NationSwell: You end the book on a chapter you call “10½ Signs of Civic Success.” Can you touch on your most important findings?
Fallows: The secret of U.S. vitality over the centuries has been [that] it’s always stronger when it makes itself more open and always weaker when it fails to do that. [Thriving towns] make themselves open, and by open I mean to immigration, to people at different stations in life, of allowing people to reinvent themselves, etc. To me, that is the idea of America, and it’s at its best when it does that and worst when it doesn’t. So that’s another way in which something is bad at the national level [but] now seems to be the opposite at the civic level.
Another component here is, I think, practical educational innovation. Not every place can have a big research university. That’s something you have or you don’t.
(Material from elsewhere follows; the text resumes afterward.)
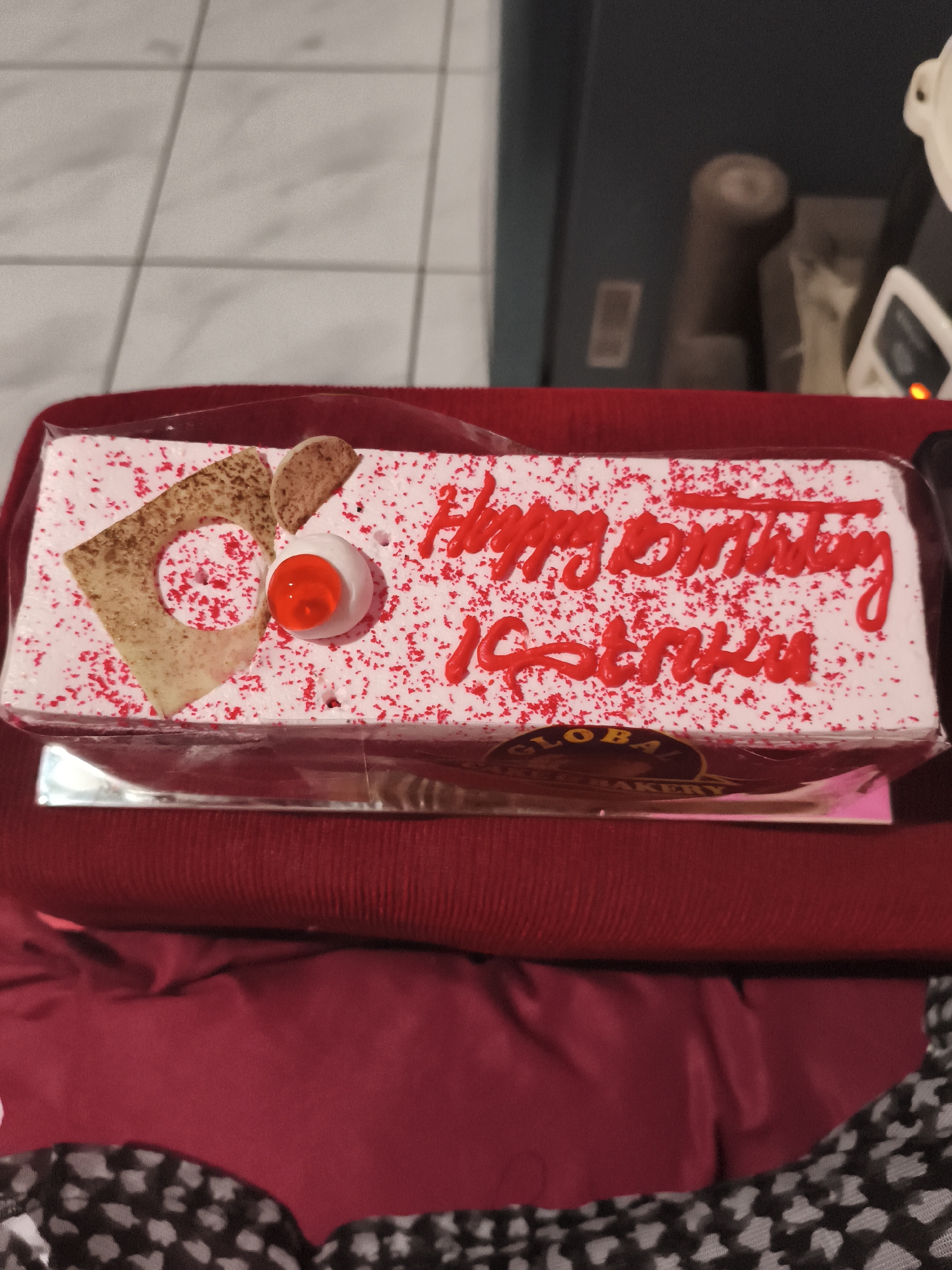 A rectangular cake with white frosting and red sprinkles sits on a red cloth. The cake has "Happy Birthday" written in red icing on top. Below that, there is another line of red icing that appears to say "Chiku". The cake is decorated with a piece of brown pastry shaped like a triangle with a hole in it, a small semi-circular piece of pastry, and a red candy. A label for "GLOBAL CAKE BAKERY" is visible on the side of the cake box. The background shows a tiled floor and some blurry objects. The image does not provide any information about the city of Depok, Indonesia.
But places that are innovating with community colleges and creative schools, K-12 schools, those are important to connect people with new opportunities, and that was surprising because [we found them] in the South, largely. Engagement and also innovation [like with libraries] — you think libraries would be doomed like the corner newsstand. The corner newsstand is in fact doomed, but libraries, even though they were created around physical books, in many places seem to be reinventing themselves. And then, of course, we have the brew pubs, sort of a show of hands for entrepreneurial arts community.
There’s a line in the book from a guy who said, “If you want to consume a great community, you move to Paris or Brooklyn. You want to create a great community, you move to some little podunk place and you’re part of creating it.” People decide that a certain place matters to them. They’re not just passing through there and just looking for a great restaurant and thinking of where they’re going to go next, but how this place will be in the future, both 10 years from now and when their children are deciding where to live.